Mr Hayes insisted that CSU records showed Mr Tinubu attended the school, but admitted there were several contradictions that the school’s administrators won’t be able to clarify under oath.
Those discrepancies include the June 22, 1977, date that Tinubu’s certificate asserts, as well as the school’s president at the time the certificate was obtained and typographical, font and header errors on the document.
However, on June 17, 2022, Tinubu submitted a certificate to INEC that was purportedly issued in 1979 and signed by Elnora Daniel, who was not yet a staff member of the CSU until 1998 – same year that Tinubu incidentally contested election as governor of Lagos State.
Ms.
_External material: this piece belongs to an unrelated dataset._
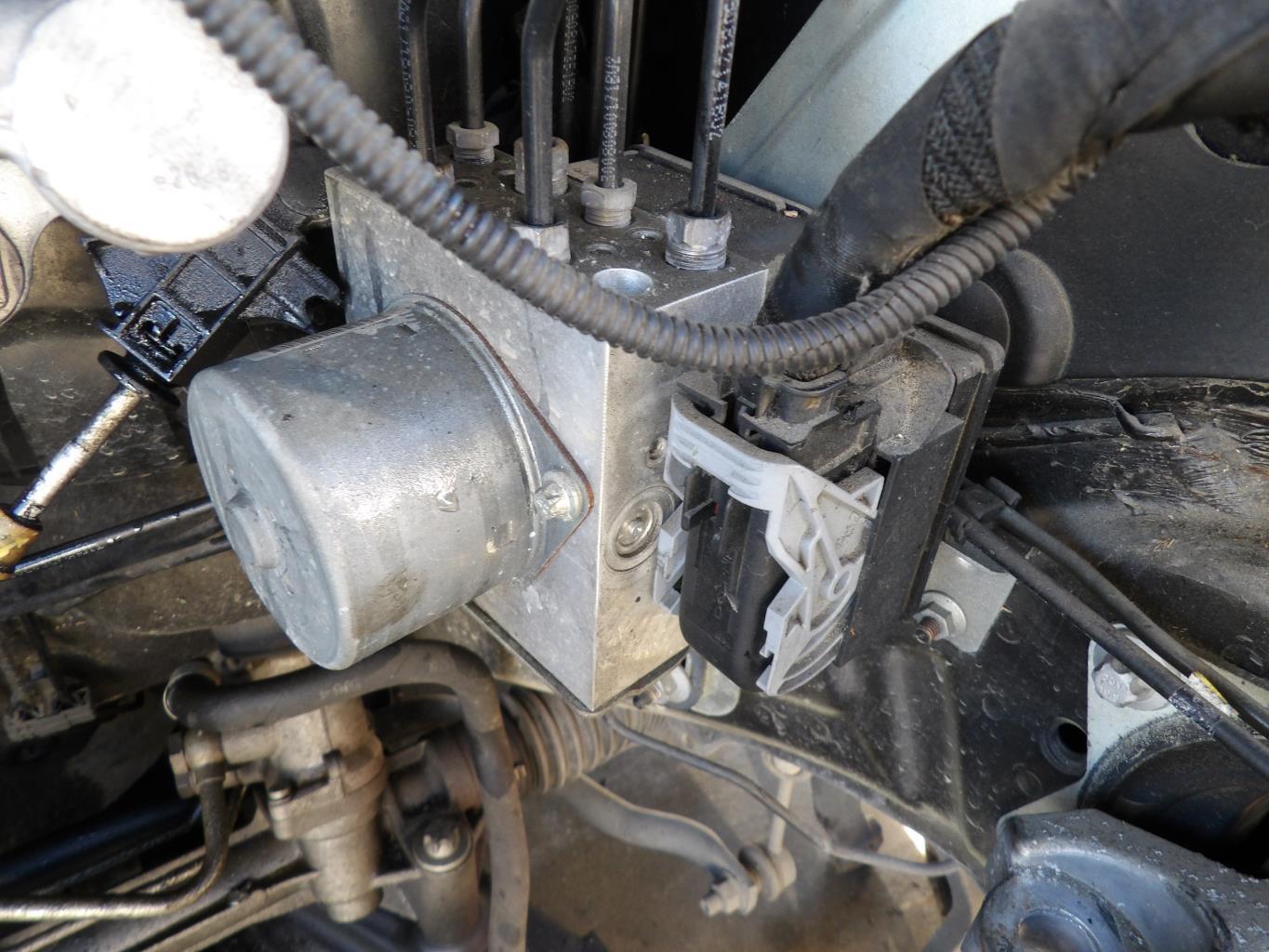 Bloc ABS (freins anti-blocage) ALFA ROMEO 159 Diesel - 1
Daniels was said to have left the school in 2008 following a financial mismanagement scandal, or 14 years before June 2022 when CSU issued yet a fresh certificate in Tinubu’s name under subpoena from a Nigerian lawyer who had inquired about Tinubu’s education there.
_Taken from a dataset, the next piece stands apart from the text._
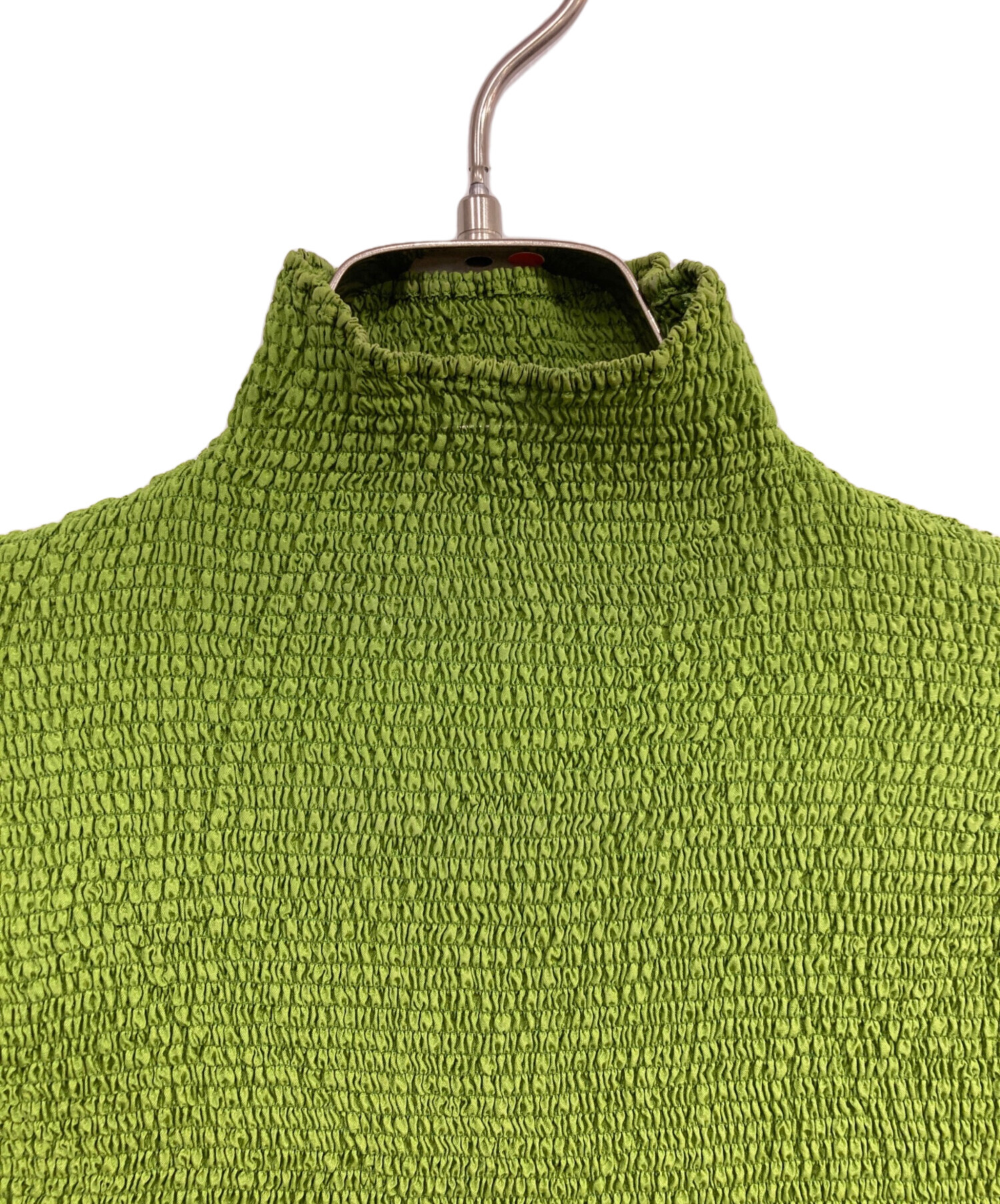 中古・古着通販】ISSEY MIYAKE (イッセイミヤケ) ハイネックカットソー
These contradictions, among others, are the reasons that Atiku filed the suit to compel CSU to produce records relating to Tinubu and make its top officials available for deposition to certify the produced records.
Alexandre de Gramont, who appeared in court for Atiku, said the documents and depositions are being sought for use in the Nigerian Supreme Court, where the final battle over Tinubu’s election is now headed.
Gramont said the Nigerian Court of Appeal upheld Tinubu’s election in its September 6 ruling because the panel did not have CSU’s position on the authenticity of the certificate presented by Tinubu, and that the Supreme Court in Nigeria might be able to admit CSU’s position on the document under a special rule.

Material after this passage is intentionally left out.